When you say ‘a brook babbled’, or ‘the leaves danced’, it’s an artistic device called a ‘pathetic fallacy’ defined as “the attribution of human characteristics to inanimate objects or nature”.
Alfred, Lord Tennyson, a Poet Laureate of England wrote in his poem Maud :
The red rose cries, “She is near, she is near;”
And the white rose weeps, “She is late;”
The larkspur listens, “I hear, I hear;”
And the lily whispers, “I wait.”
The term ‘pathetic fallacy’ was coined by the 18th century English poet John Ruskin (in picture). He disliked the concept of personifying nature. He poked fun at the idea that flowers could feel or clouds could weep. He named it so because he felt it was a ‘fallacy’, something wrong and untrue, and ‘pathetic’ meaning sentimental.
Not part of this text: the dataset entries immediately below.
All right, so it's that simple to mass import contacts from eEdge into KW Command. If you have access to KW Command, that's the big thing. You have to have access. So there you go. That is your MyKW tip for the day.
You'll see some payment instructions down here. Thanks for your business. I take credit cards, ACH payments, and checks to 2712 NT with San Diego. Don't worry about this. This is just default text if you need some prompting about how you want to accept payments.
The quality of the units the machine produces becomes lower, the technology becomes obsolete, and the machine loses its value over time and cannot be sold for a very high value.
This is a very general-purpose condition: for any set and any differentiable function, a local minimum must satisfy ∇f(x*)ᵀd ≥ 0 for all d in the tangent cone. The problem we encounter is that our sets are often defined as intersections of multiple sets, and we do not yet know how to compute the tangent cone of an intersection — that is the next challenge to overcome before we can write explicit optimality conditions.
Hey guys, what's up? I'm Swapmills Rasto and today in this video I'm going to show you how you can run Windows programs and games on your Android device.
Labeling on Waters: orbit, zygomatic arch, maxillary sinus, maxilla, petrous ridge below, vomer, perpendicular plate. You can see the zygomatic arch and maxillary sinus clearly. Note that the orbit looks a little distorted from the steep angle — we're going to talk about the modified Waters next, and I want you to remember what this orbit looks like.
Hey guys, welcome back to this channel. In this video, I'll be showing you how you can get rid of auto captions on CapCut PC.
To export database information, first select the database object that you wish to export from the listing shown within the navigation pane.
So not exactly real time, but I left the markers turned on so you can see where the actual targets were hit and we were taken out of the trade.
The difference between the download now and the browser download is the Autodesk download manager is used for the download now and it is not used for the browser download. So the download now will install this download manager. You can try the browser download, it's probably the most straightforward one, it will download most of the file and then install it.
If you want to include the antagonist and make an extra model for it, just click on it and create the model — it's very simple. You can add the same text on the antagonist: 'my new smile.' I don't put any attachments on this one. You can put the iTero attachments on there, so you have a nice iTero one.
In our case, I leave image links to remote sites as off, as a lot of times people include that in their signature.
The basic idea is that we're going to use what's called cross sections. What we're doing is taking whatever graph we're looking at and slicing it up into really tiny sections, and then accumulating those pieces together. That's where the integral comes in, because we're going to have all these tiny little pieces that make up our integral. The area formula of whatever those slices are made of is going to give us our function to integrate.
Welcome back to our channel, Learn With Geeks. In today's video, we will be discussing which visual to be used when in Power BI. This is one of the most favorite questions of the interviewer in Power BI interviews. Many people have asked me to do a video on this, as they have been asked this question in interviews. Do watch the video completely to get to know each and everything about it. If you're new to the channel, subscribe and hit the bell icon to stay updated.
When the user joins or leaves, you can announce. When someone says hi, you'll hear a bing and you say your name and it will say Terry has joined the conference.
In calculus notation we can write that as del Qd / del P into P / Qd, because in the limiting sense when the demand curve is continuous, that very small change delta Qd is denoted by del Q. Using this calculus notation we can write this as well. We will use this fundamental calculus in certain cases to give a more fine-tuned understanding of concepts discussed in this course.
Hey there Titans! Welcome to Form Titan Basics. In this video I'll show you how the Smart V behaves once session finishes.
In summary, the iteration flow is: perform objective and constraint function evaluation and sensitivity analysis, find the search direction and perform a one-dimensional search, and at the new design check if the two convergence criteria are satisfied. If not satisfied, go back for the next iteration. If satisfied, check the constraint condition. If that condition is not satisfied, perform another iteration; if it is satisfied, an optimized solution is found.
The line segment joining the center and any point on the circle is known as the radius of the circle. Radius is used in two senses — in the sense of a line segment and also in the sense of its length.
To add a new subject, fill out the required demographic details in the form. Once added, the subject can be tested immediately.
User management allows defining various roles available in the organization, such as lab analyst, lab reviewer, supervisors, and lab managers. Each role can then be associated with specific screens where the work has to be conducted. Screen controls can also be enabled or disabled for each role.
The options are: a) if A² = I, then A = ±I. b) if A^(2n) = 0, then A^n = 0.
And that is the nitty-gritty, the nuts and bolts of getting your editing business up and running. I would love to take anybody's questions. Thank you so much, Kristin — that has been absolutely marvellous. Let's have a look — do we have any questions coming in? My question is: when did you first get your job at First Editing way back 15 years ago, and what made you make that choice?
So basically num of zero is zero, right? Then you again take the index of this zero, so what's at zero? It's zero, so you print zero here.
Nonetheless, poets haven’t stopped using the device as it sounds dramatic to say that the sky was angry or that Nature is cruel. Often, these descriptions reveal more about the poet’s state of mind rather than the reality.
In John Milton’s Lycidas , when Lycidas dies, Nature mourns his loss:
Thee Shepherd, thee the Woods, and desert Caves,
With wilde Thyme and the gadding Vine o’regrown,
And all their echoes mourn.
The Willows, and the Hazle Copses green,
Shall now no more be seen,
Fanning their joyous Leaves to thy soft layes.
Pathetic fallacy employed in this pastoral elegy also represents the sadness Milton felt when his friend died.